А что, всё как у людей! Я бы тут задержался всерьёз и надолго!
Мы подошли к двухстворчатым дубовым дверям. По обе стороны от них стояли стражники. И тоже с благоговением косились на мой сраный меч.
— Ну вот и пришли мы. Удачи, Эрик! Ты был мне не только добрым хозяином, но и прекрасным другом, — печально сказал рыжий, таким тоном как будто заранее отпел и упокоил с миром.
— А в нос не хочешь, шутник сраный, — буркнул я.
Но лицо у рыжего оставалось серьёзным и мрачным. На миг даже показалось, что чудак пустит слезу.
Я понял, что рыжий вообще нифига не шутил, и за дверью меня ждёт смерть.

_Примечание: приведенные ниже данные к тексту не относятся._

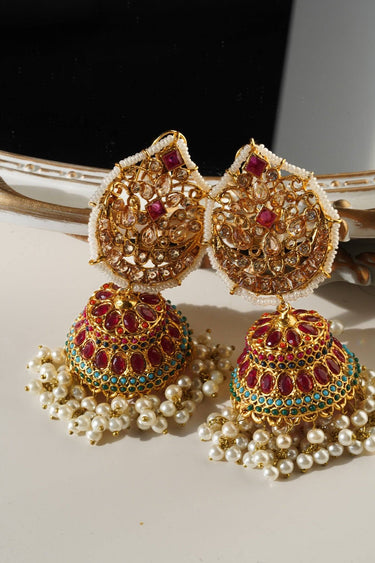 Mishti Jhumkas: Heritage inspired elegant Indian jewelry with ruby red stones, turquoise accents, and pearl drops for festive occasions.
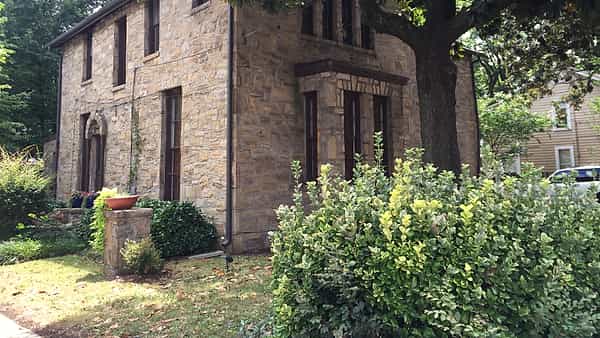 A stone house on Person Street in downtown Raleigh, North Carolina, unusual among its brick neighbors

Едва я переступил порог, дубовая дверь с грохотом гильотины захлопнулась за моей спиной.
Мрачный полумрак длинной залы не способствовал поднятию моего боевого духа.
На другом конце на троне восседал бородатый мужик. Чутье сразу подсказало мне, что это мой отец.
Рядом с моим отцом стоял тот самый светлый, из леса, и еще два очень похожих на него персонажа только старше раза в два.
По бокам от трона располагались лавки. С одного бока сидели четверо приспешников светлого.
Козлобородый украдкой провел по своей толстой шее рукой, мол, хана тебе, парень!
В ответ я незаметно показал ему фак.
По другую сторону от трона сидели три монаха.
— Что же, сын, ты не поклонишься своему отцу? — прогремел бородатый мужик на троне. — Неужто гордыня от обладания таким мечом, обратила твою спину в камень?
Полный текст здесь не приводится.